安倍晋三実録 / 岩田明子


 安倍晋三を官房副長官時代から、殺害されるまで番記者として取材を続けてきた著者が、安倍晋三の様々なエピソードを踏まえ実像に迫っています。 第一次政権での失敗を生かし、第二次政権は長期にわたり数々の実績を積み上げた。

 慰安婦問題、拉致問題、靖国参拝、トランプや習近平との外交交渉、天皇の生前退位など、多くの課題も一定の成果を上げたといってもよいだろう。

 政治記者である著者にとって、安倍晋三は取材相手であると同時に「戦友」のようなものであると述べています。本書ではそんな著者の「安倍晋三への愛情」すら伝わって来る印象です。逆説的にいえば、著者は安倍に対し心底、惚れ込んでいるというか、近づきすぎたか故、個人的な感情が多い感じはしますが、その分、メディアでは感じ取ることが出来なかった、人間味あふれる安倍晋三を知ることが出来ました。

 第三次政権も視野に入れていた。高市早苗との関係性。盟友、中川昭一への思い。朴槿恵への同情と共感。金正恩からの手紙。菅、岸田へのアドバイス。森友問題と財務省。麻生に辞める時は一緒。
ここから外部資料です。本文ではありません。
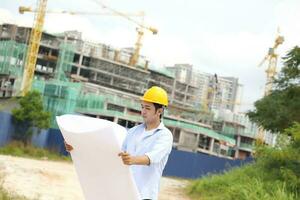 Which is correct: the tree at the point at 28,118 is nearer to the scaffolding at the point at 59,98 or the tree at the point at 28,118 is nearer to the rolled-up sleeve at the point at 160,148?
the scaffolding at the point at 59,98

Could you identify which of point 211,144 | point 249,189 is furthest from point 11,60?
point 249,189

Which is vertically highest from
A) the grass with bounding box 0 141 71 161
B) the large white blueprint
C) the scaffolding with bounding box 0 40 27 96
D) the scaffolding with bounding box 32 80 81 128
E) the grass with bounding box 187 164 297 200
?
the scaffolding with bounding box 0 40 27 96

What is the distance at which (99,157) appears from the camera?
342cm

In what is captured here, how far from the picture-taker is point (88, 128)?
3.42 metres

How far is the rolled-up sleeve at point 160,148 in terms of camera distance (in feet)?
10.8

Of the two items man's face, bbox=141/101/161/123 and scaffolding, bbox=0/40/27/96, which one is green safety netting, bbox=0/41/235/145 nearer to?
scaffolding, bbox=0/40/27/96

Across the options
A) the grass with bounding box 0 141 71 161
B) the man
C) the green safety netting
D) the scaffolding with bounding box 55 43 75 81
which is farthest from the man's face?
the scaffolding with bounding box 55 43 75 81

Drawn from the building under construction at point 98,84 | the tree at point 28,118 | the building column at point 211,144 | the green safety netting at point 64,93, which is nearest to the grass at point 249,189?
the tree at point 28,118

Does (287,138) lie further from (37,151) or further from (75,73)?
(75,73)

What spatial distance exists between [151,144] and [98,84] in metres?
74.1

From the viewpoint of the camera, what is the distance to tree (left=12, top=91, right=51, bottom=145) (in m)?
27.1

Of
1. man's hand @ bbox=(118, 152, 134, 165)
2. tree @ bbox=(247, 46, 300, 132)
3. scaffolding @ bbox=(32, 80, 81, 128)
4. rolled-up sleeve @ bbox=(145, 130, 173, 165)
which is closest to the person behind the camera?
man's hand @ bbox=(118, 152, 134, 165)

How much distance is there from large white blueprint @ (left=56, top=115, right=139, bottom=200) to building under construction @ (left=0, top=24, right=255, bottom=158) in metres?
40.3

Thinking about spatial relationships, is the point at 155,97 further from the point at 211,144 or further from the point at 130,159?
the point at 211,144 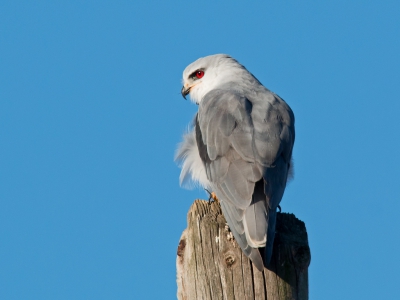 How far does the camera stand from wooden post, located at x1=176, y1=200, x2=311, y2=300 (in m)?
3.86

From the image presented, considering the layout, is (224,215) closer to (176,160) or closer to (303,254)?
(303,254)

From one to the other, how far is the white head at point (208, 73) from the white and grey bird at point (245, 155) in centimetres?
27

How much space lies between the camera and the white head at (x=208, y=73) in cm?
766

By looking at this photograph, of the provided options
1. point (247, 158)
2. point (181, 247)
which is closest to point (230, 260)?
point (181, 247)

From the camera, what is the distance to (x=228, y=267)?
156 inches

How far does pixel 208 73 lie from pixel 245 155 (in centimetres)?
292

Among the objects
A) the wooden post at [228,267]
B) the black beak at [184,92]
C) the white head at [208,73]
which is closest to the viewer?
the wooden post at [228,267]

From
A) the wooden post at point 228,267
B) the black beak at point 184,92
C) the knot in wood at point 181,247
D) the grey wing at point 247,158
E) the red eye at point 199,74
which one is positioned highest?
the red eye at point 199,74

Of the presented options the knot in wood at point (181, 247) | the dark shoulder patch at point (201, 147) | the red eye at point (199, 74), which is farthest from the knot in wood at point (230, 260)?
the red eye at point (199, 74)

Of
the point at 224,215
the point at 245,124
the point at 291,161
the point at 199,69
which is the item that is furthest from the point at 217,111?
the point at 199,69

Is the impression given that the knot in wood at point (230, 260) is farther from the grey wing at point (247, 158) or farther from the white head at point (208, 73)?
the white head at point (208, 73)

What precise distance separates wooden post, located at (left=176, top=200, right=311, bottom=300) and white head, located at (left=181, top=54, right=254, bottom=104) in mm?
3481

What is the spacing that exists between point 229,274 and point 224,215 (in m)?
0.76

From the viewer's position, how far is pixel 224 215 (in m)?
4.61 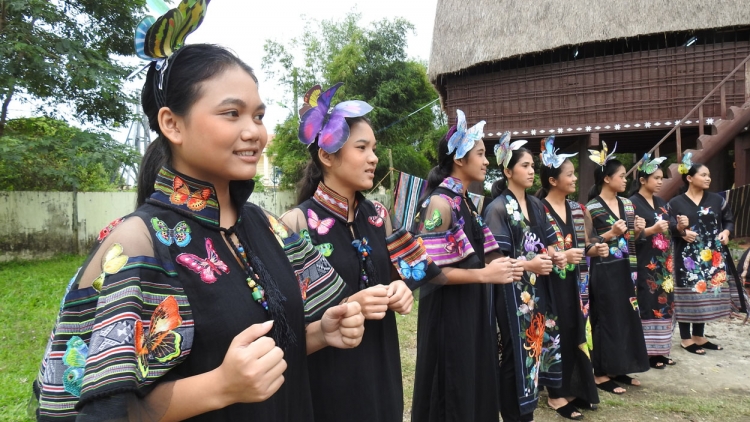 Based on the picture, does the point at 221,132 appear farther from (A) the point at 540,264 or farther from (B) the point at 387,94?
(B) the point at 387,94

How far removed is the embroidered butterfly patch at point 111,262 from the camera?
1034 millimetres

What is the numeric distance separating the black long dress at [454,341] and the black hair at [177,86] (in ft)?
6.27

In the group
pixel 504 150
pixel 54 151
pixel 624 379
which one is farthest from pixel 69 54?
pixel 624 379

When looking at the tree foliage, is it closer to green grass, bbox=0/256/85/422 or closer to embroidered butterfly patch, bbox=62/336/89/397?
green grass, bbox=0/256/85/422

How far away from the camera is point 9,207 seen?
10789 mm

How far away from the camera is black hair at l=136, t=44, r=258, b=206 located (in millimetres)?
1243

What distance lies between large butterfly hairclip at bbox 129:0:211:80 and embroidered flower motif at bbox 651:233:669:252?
5.16m

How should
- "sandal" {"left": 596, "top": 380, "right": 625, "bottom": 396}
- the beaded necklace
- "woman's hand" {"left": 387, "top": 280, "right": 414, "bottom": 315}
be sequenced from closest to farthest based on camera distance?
the beaded necklace, "woman's hand" {"left": 387, "top": 280, "right": 414, "bottom": 315}, "sandal" {"left": 596, "top": 380, "right": 625, "bottom": 396}

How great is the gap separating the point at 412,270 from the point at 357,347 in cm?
46

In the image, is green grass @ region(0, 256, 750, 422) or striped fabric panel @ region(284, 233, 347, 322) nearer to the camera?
striped fabric panel @ region(284, 233, 347, 322)

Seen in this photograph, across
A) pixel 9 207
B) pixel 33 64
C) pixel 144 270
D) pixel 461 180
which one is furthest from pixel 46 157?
pixel 144 270

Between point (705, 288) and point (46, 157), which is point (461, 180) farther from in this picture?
point (46, 157)

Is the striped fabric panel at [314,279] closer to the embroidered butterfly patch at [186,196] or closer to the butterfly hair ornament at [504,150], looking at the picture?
the embroidered butterfly patch at [186,196]

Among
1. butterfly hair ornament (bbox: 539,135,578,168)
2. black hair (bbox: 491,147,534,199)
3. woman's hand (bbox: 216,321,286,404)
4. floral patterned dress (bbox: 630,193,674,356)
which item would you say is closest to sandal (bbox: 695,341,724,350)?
floral patterned dress (bbox: 630,193,674,356) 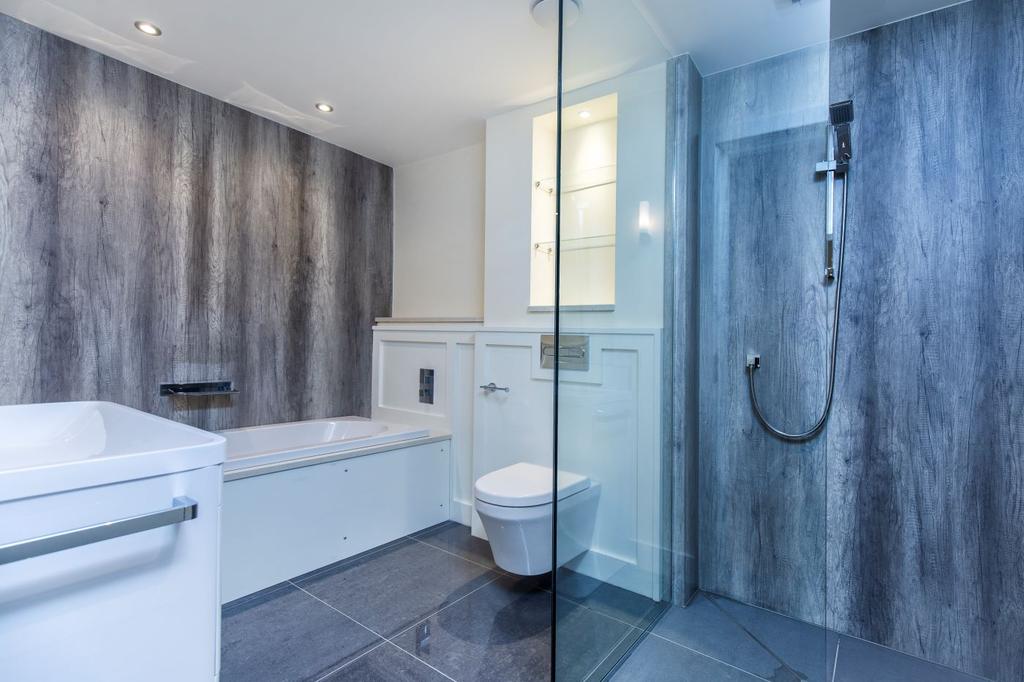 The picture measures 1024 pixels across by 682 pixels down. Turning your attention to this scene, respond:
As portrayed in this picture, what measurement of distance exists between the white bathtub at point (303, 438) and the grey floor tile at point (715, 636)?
1.64 m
安倍が髪型を変えた理由。

 気になった節について書き留めてみましたが、メディアで感じ取れることの出来なかった安倍晋三についてとても知ることが出来たと同時に、日本の政界にとって大切なキーマンを失った悲しみをとても痛感できる一冊でありました。

This is the 06th book in March and the 51th in 2024.